### Data block:
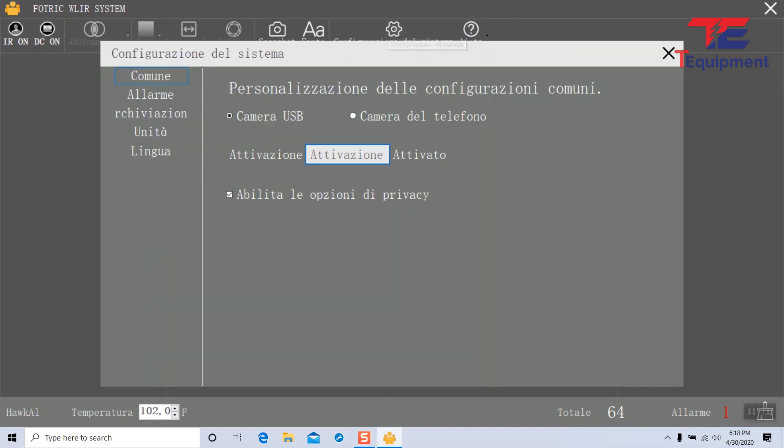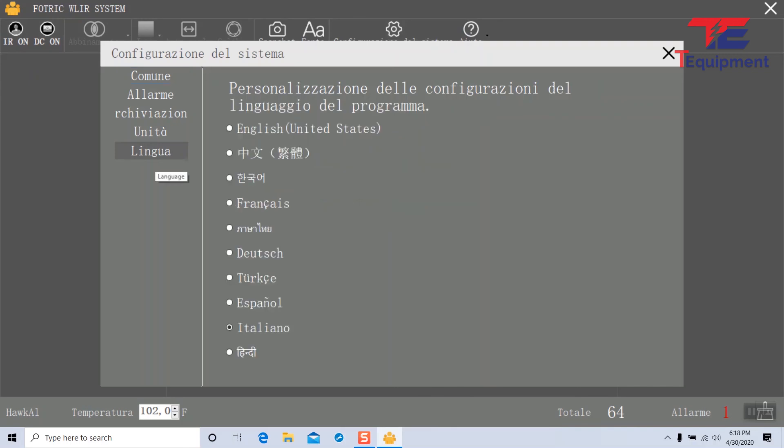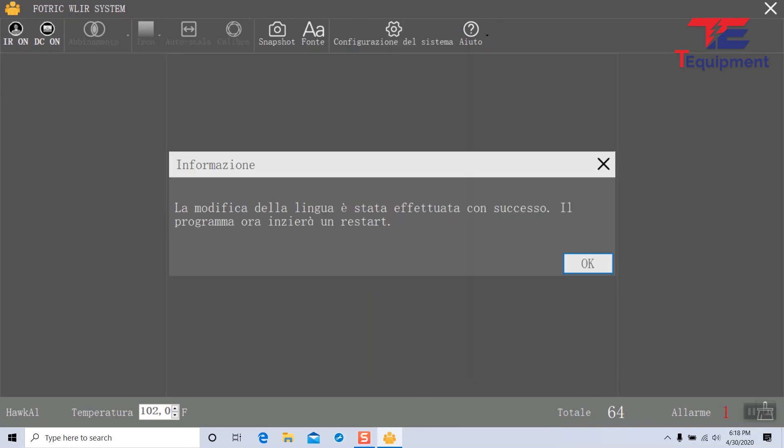I'm going to go back into the system, go back to languages, set it back to English, and close this again.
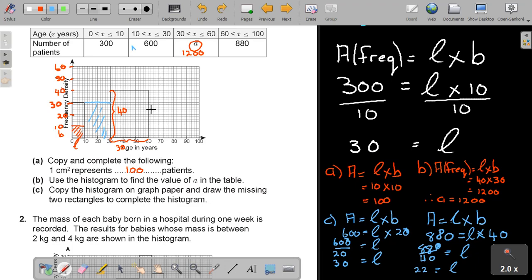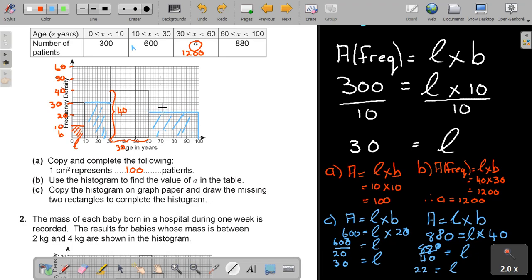And that is going to give me an answer of 22. Now it's going to be a bit higher than 20 — it's going to be 22. So that is going to give me an answer of 22. And if I want to find an answer of 22, can you see there's 20? One small block is counting two. So it's one block above, going up to 100, and that's going to be 22. Because 22 multiplied by 40 will give me 880.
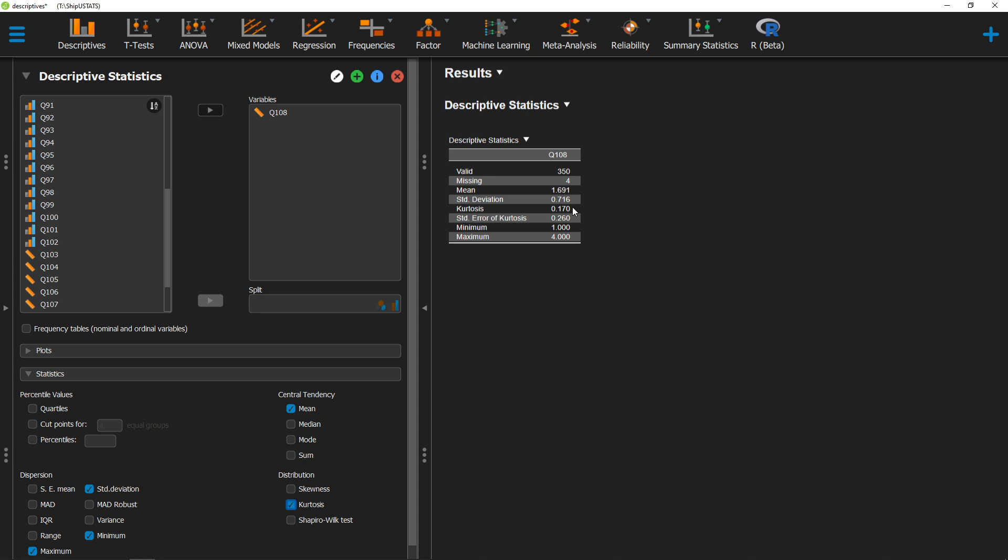As for the cutoffs, most people will say anything above 1 or below negative 1 is excessively kurtotic. However, there are different definitions in the literature, and I've provided some citations for that.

### Your assignment:
Give back the whole of the material exactly, with the pictures removed.

### Exercise output:
I'm going to go back into the system, go back to languages, set it back to English, and close this again.
And that is going to give me an answer of 22. Now it's going to be a bit higher than 20 — it's going to be 22. So that is going to give me an answer of 22. And if I want to find an answer of 22, can you see there's 20? One small block is counting two. So it's one block above, going up to 100, and that's going to be 22. Because 22 multiplied by 40 will give me 880.
As for the cutoffs, most people will say anything above 1 or below negative 1 is excessively kurtotic. However, there are different definitions in the literature, and I've provided some citations for that.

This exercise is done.